The partitioner is used to generate conditions that can be used by the extractor to transfer data from the partition column.
(upper boundary - lower boundary) / (max partitions)
39. How to resolve this error “ERROR manager.SqlManager: Error executing statement: java.sql.SQLException: Access denied for user”?
This issue can be resolved by bypassing the password of the user on the terminal.
sqoop import --connect jdbc:mysql://localhost/DB-name --username username --password your_password --table tablename
40. How to fetch more than 1000 entries from the Sqoop import command?
The max number of entries set to be imported is 1000 so only 1000 entries can be imported. But by using the “fetch-size” parameter we can fetch more entries.
The syntax for “fetch-size” is mentioned below.
$ sqoop import parameters --fetch-size=number_of_entries
41. How to securely transfer data from RDBMS to HDFS using sqoop?
Sqoop stores metadata in a repository and also allows you to encrypt the data that is going to be added to the repository.

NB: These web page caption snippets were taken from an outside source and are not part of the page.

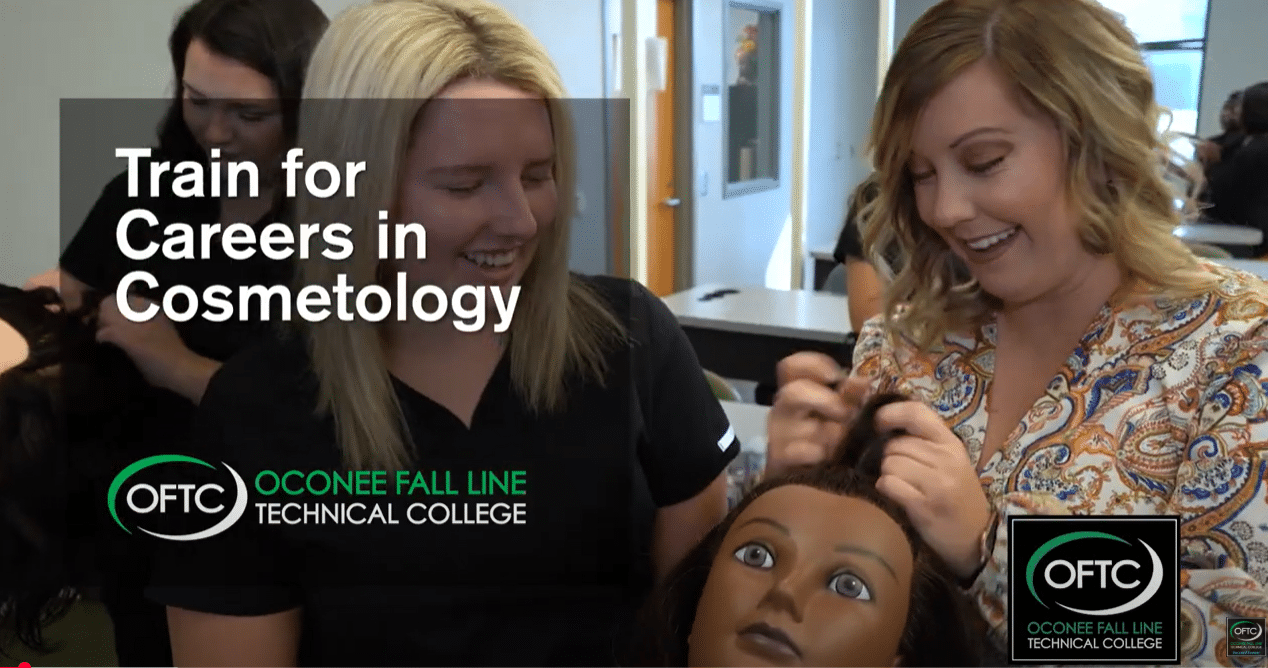 Two women smile while practicing hair styling on a mannequin head in a classroom. Text reads, Train for Careers in Cosmetology. OFTC Oconee Fall Line Technical College.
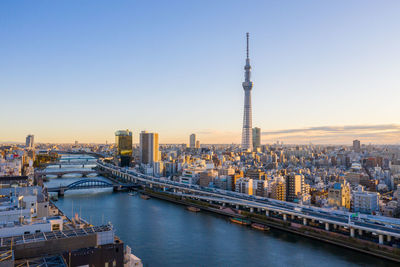 View of bridge and buildings against sky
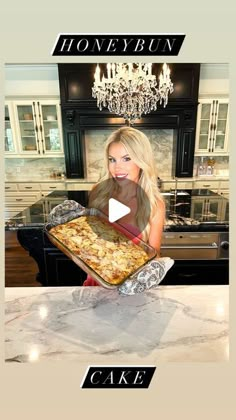 a woman holding a tray of food on top of a kitchen counter next to a chandelier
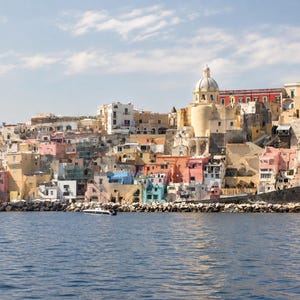 May include: A coastal townscape featuring a dense cluster of multi-colored buildings in shades of yellow, pink, and white, dominated by a large church with a central dome, situated along a rocky shoreline overlooking a deep blue body of water.
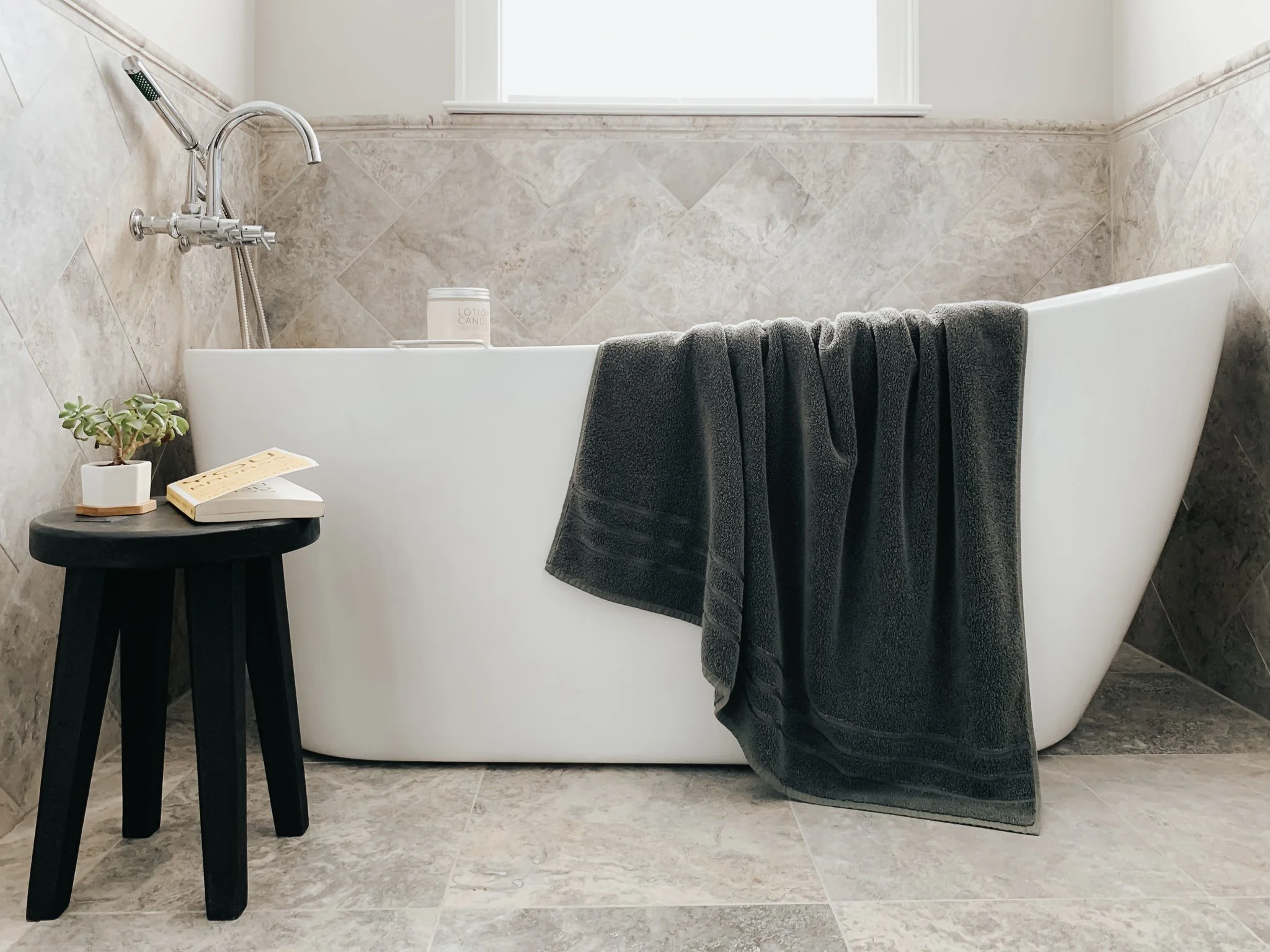 A white bathtub with a black towel draped over its side, a small black bedside table with a potted plant and a book, and a window above the tub letting in natural light. The walls and floor are tiled in beige tones.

This feature helps to transfer data securely.
42. How to exclude some tables from a database when importing a larger number of tables?
We can do so by using the (exclude-tables) argument in the Sqoop Import command.
$ sqoop import --connect jdbc:mysql://localhost/databasename --username username --password password_of_user --exclude-tables table1,table2
43. How to resolve this error “Exception in thread "main" java.lang.NoSuchMethodError: com.fasterxml.jackson.databind.ObjectMapper.readerFor” ?
By changing the Jackson jar file from Sqoop lib to a higher version (2.9 or above) will resolve this issue.
44. How to resolve this error “Import failed: No primary key could be found for table”?
This issue can be resolve by creating a primary key on a table or by using mapper 1( --m 1).
45. How to resolve this error “Got exception running Sqoop: java.lang.RuntimeException: Could not load db driver class: com.mysql.jdbc.Driver”?
To resolve this issue download Mysql connector, untar it and then put in /$SQOOP_HOME/lib path. Use below command.
$tar -xvf mysql-connector-java-8.0.20.tar.gz
$mv mysql-connector-java-8.0.20.jar /home/cloudduggu/sqoop/lib/
46. What is the default extension of the files generated from a sqoop import using the –compress parameter?
The default extension of the file is “.gz”.
47. Can we add a parameter while running a saved job?
We can add a parameter at run time using the (–exec) argument.
$ sqoop job -exec jobname --newparameter
48. What is the use of (--validate) argument in Apache Sqoop?
The Validate argument in Apache Sqoop is used to check the data that copied using Import and Export operation. It checks the row count of the source and the destination system.
There are 3 basic interfaces for validation.
- ValidationThreshold: This interface is used to check if the error percentage between the source and target are acceptable Absolute, Percentage Tolerant, etc. By default, it implements the AbsoluteValidationThreshold which ensures that the data in source and target is the same.
- ValidationFailureHandler: It is responsible for handling failures log an error/warning, abort, etc. By default, it uses LogOnFailureHandler that indicates a warning message in the logger.
- Validator: It drives the validation logic using the ValidationThreshold and if there is a failure then it assing failure handling to ValidationFailureHandler.
49. What is the use of the Apache Sqoop-merge tool?
The Apache Sqoop merger tool is useful in merging the two datasets in which a dataset will write on top of the old dataset. If we take a real-time incremental load example then, it runs on the last modified mode in which it will generate multiple files on Hadoop HDFS, in this case, the Sqoop Merger tool will map two data set based on the primary key and put a new dataset over old one.
50. What is HCatalog in Apache Sqoop?
Apache Sqoop HCatalog is a table and storage management service for Hadoop that enables users with different data processing tools Pig, MapReduce, and Hive to more easily read and write data on the grid.